**WHAT IS BEING ASKED:**
From the line containing "MAYO TEMPURA SUSHI" through the last line of the entries below, print each line exactly. Pictures stay out.

Captioned web images
####

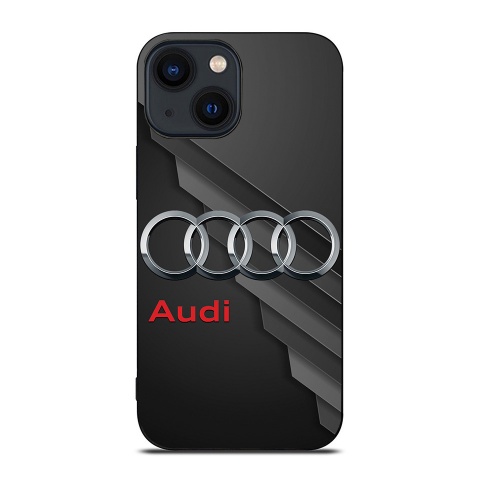 Audi 3D style iPhone case with logo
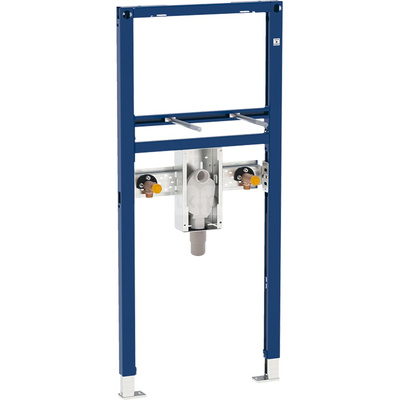 Stelaż podtynkowy do umywalki GEBERIT Duofix, 1120 x 500 x 75 mm, bateria: stojąca, regulacja wysokośći, wbudowany syfon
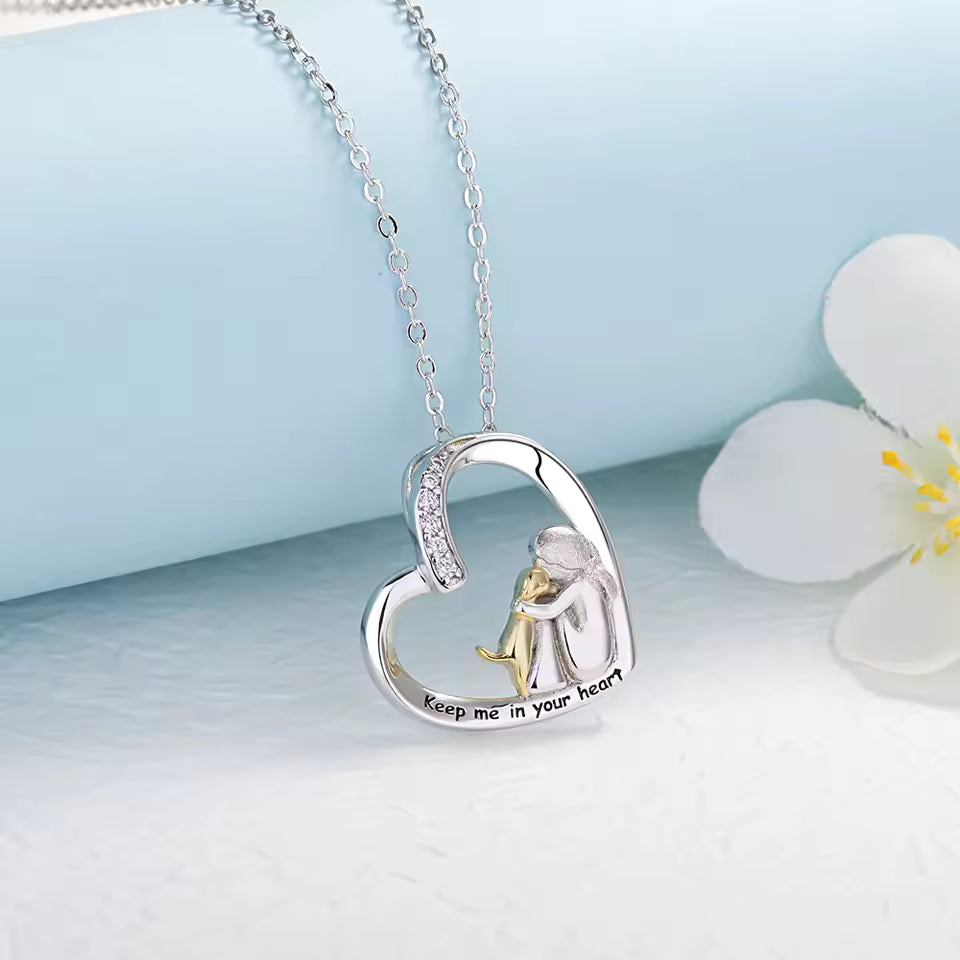 Dog Hug - Necklace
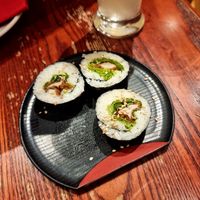 MAYO TEMPURA SUSHI ROLL at Itadakizen in London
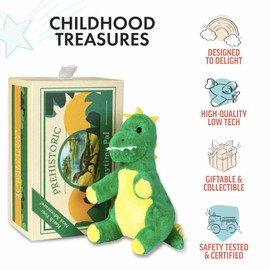 Foothill Toy Co. Animals in Boxes - 'Spike The Dinosaur' Playset with Stuffed Dino & Plush Eggshell Bed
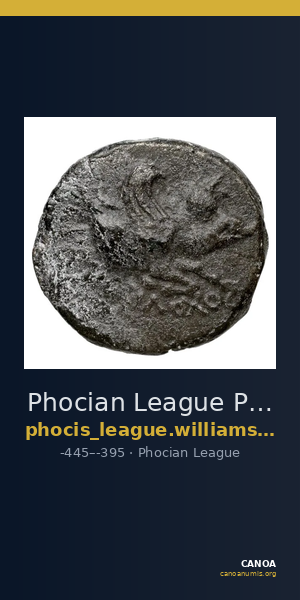 Phocian League Phocis Williams 1972 Period IV, 234-46; 248-59 — CANOA
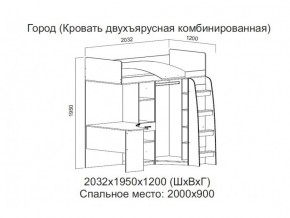 Кровать двухъярусная комбинированная в Карабаше - karabash.магазин96.com | фото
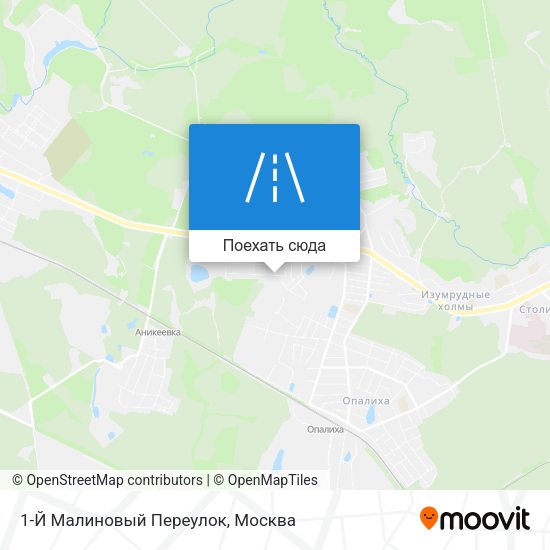 Карта 1-Й Малиновый Переулок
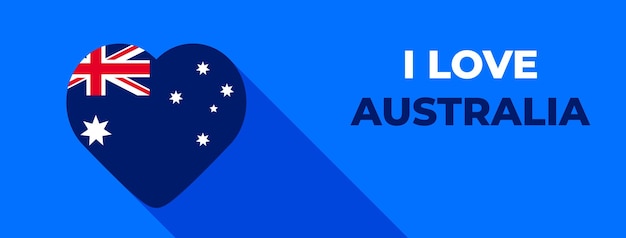 Australië vlag vector illustratie set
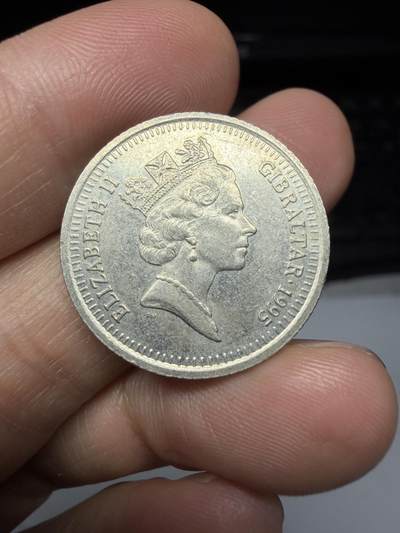 2025年集古藏今外币拍卖第二期-第8场—（总第308拍），可以寄存60天，满160元包邮。 - 1995年直布罗陀10便士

####

**ANSWER TO THIS PROBLEM:**
 MAYO TEMPURA SUSHI ROLL at Itadakizen in London
 Foothill Toy Co. Animals in Boxes - 'Spike The Dinosaur' Playset with Stuffed Dino & Plush Eggshell Bed
 Phocian League Phocis Williams 1972 Period IV, 234-46; 248-59 — CANOA
 Кровать двухъярусная комбинированная в Карабаше - karabash.магазин96.com | фото
 Карта 1-Й Малиновый Переулок
 Australië vlag vector illustratie set
 2025年集古藏今外币拍卖第二期-第8场—（总第308拍），可以寄存60天，满160元包邮。 - 1995年直布罗陀10便士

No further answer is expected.